Your goal - Please repeat the lines below exactly. Begin with the line containing "Good morning and" and go on through the line containing "I have created".
[Records for the exercise]
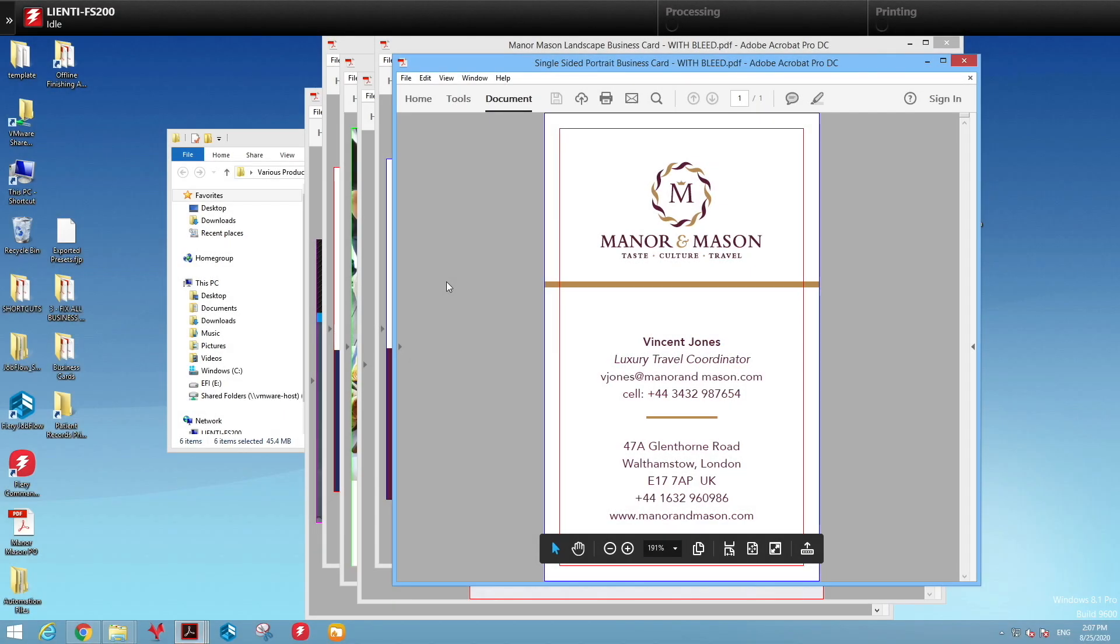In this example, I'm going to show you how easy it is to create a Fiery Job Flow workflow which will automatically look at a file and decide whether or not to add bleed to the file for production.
[/Records for the exercise]
[Records for the exercise]
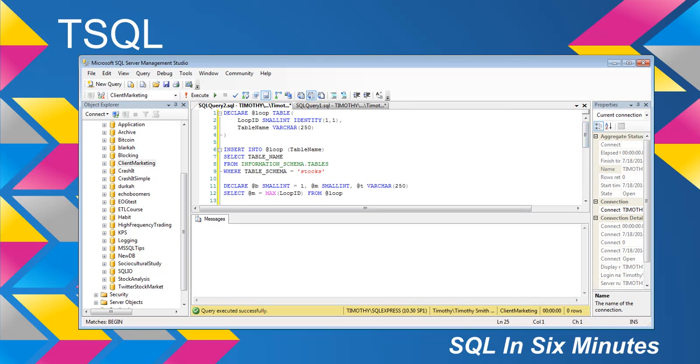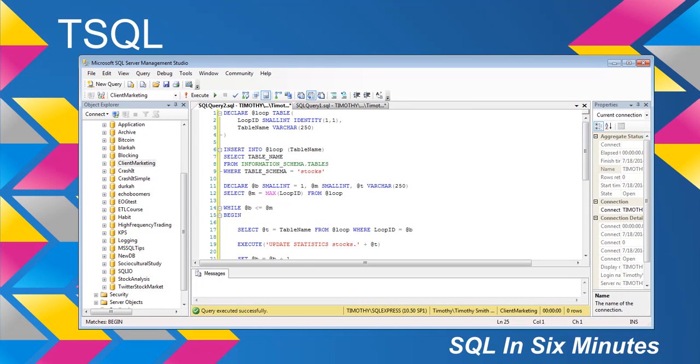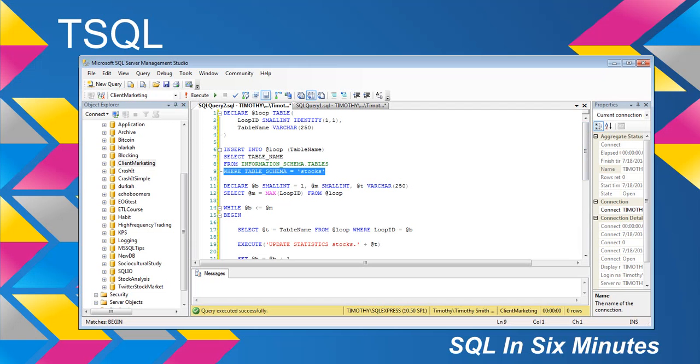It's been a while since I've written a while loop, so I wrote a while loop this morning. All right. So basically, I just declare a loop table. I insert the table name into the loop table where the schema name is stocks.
[/Records for the exercise]
[Records for the exercise]
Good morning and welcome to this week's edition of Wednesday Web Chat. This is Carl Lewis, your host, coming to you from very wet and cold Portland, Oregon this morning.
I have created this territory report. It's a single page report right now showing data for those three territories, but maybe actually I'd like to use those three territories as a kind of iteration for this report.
[/Records for the exercise]
Task solution -
Good morning and welcome to this week's edition of Wednesday Web Chat. This is Carl Lewis, your host, coming to you from very wet and cold Portland, Oregon this morning.
I have created this territory report. It's a single page report right now showing data for those three territories, but maybe actually I'd like to use those three territories as a kind of iteration for this report.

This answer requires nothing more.